Activists launched an online video game on Monday to attack leading politicians' support for development of Canada's oil sands, which greens portray as a crime against nature.

Tar Nation, which is set on the grounds of a dirty refinery, allows players to spray oil at Canadian Prime Minister Stephen Harper and opposition leader Michael Ignatieff to get them out of the tar sands.

Once the two men have been blasted with enough oil, the game ends and up pops an pre-written protest email addressed to the two leaders. The energy industry dismissed the game as misguided.

Harper and Ignatieff both back development of northern Alberta's vast oil sands, the world's second-largest proven reserves after Saudi Arabia, which require energy-intensive methods to extract and process crude.

As a result, greenhouse gas emissions from the oil sands are climbing quickly and will rise by around 60 percent from current levels by 2015 if all planned projects go ahead.

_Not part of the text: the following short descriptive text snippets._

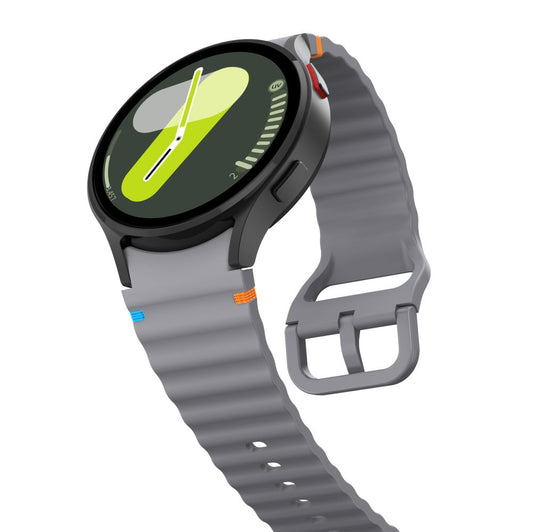 Tech-Protect Silicone Sport Strap for Samsung Galaxy Watch7 / Watch FE / Watch6 / Watch5 / Watch4 Series, Grey 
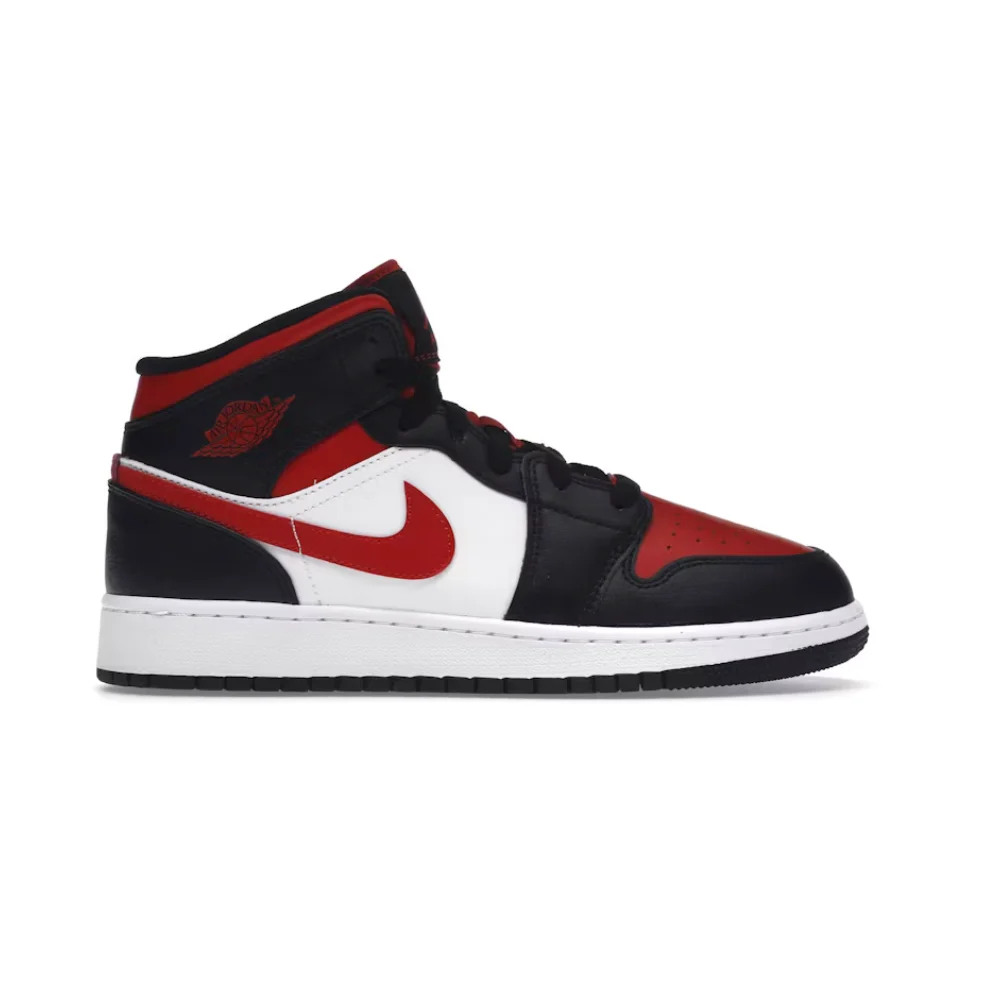 Jordan 1 Mid Black Fire Red (GS) - Image 5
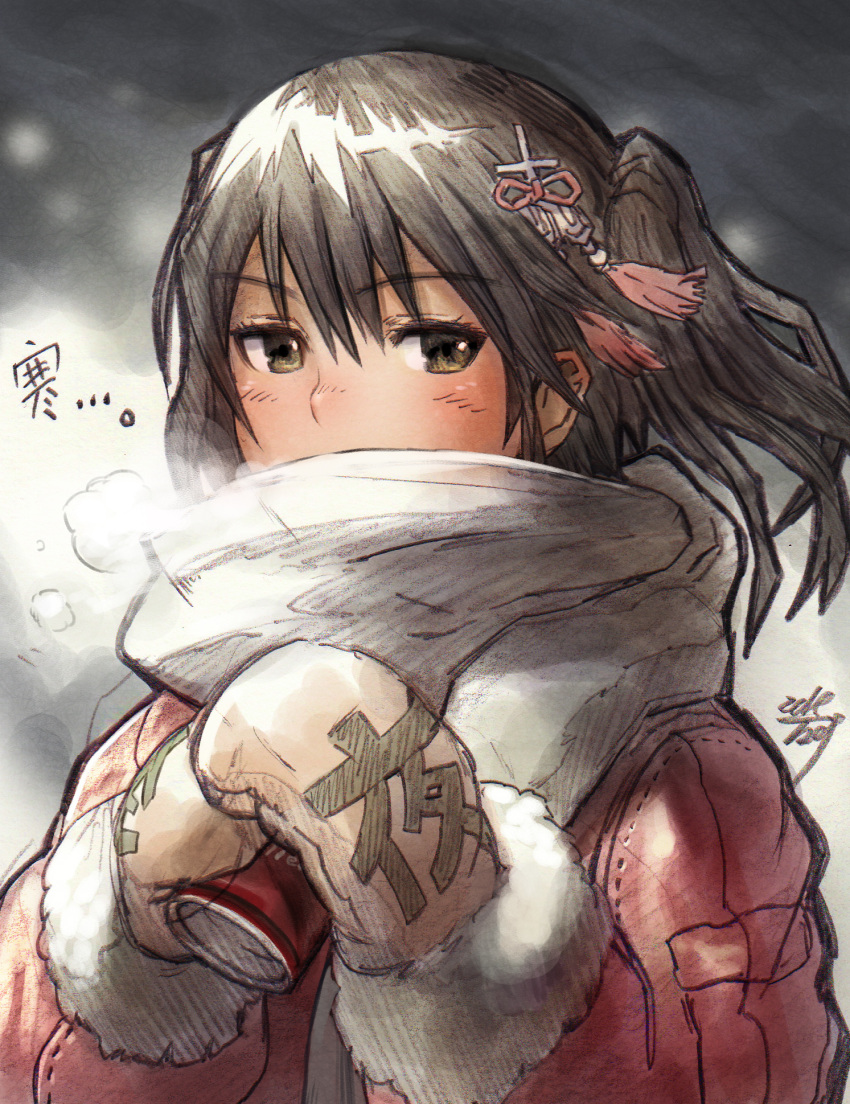 1girl black_hair blush breath bust can gibagiba hair_ornament highres kantai_collection mittens scarf sendai_(kantai_collection) short_hair signature solo two_side_up winter_clothes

The game -- available at www.tarnation.ca as well as Facebook and online gaming sites -- was dreamed up by the left-leaning Polaris Institute think tank.

The tar sands industry is Canada's fastest-growing carbon emitter -- our own built-in global warming machine, generating three times the greenhouse gas emissions as conventional oil production does, said the institute's Tony Clarke.

The tar sands machine perpetuates our dependence on dirty fossil fuels, he told a news conference.

Harper, who says the oil sands mean Canada is a global energy superpower, has promised investment in technology that could cut emissions.

The Canadian Association of Petroleum Producers was not amused by the game, saying fossil fuels would be an important energy source for the foreseeable future.

Using guerrilla marketing tactics to distract people from the realities of energy production may be entertaining but it's not informative or constructive, said CAPP spokeswoman Janet Annesley.